++++ Stored data ++++

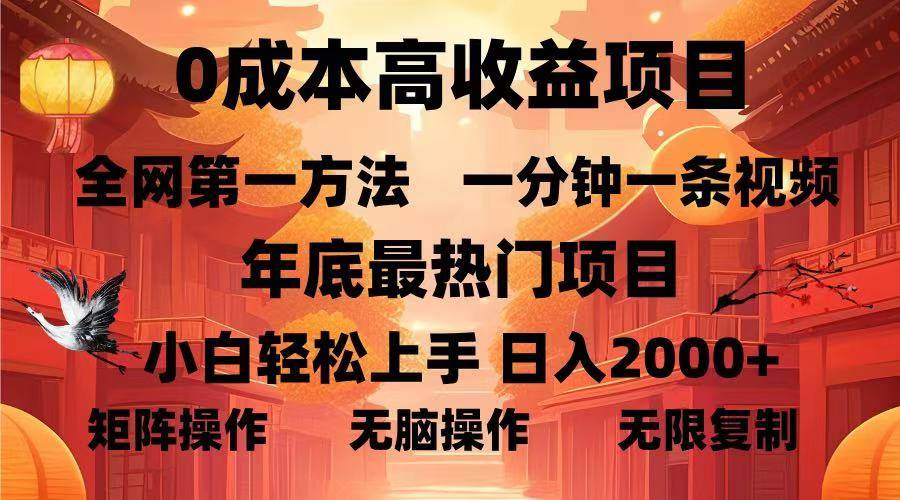 （13723期）0成本高收益蓝海项目，一分钟一条视频，年底最热项目，小白轻松日入…-蓝天项目网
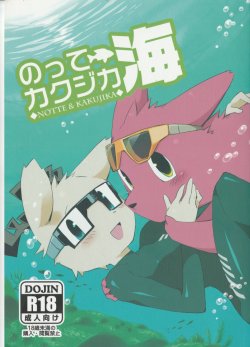 (Kemoket 2) [Hanayori Kemono (KENSAN)] NOTTE KAKUJIKA Umi (JanJan Notte Kangaroo, Mascot Characters)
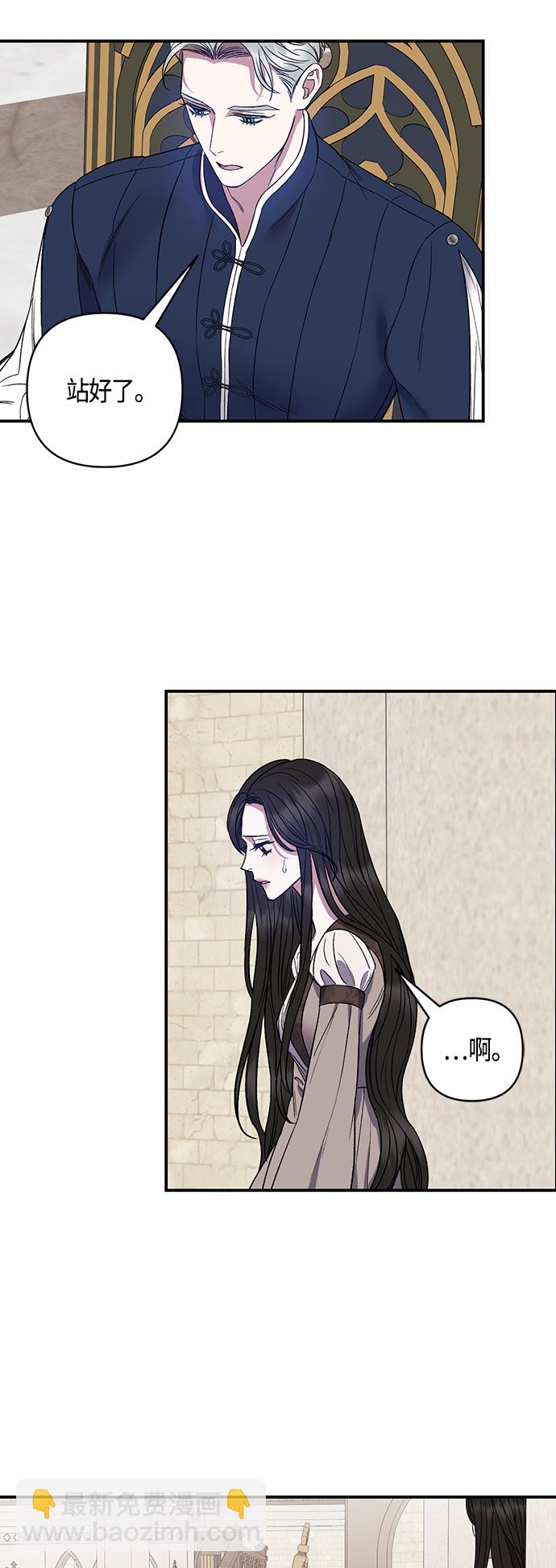 《圣者诉说》第6话 第27页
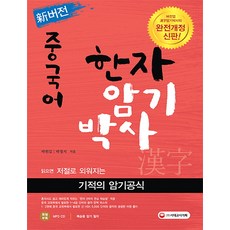 新 버전 중국어 한자암기박사, 시대고시기획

++++

*Problem*: Print all of the material exactly. Omit pictures.

*Output*:
 （13723期）0成本高收益蓝海项目，一分钟一条视频，年底最热项目，小白轻松日入…-蓝天项目网
 (Kemoket 2) [Hanayori Kemono (KENSAN)] NOTTE KAKUJIKA Umi (JanJan Notte Kangaroo, Mascot Characters)
 《圣者诉说》第6话 第27页
 新 버전 중국어 한자암기박사, 시대고시기획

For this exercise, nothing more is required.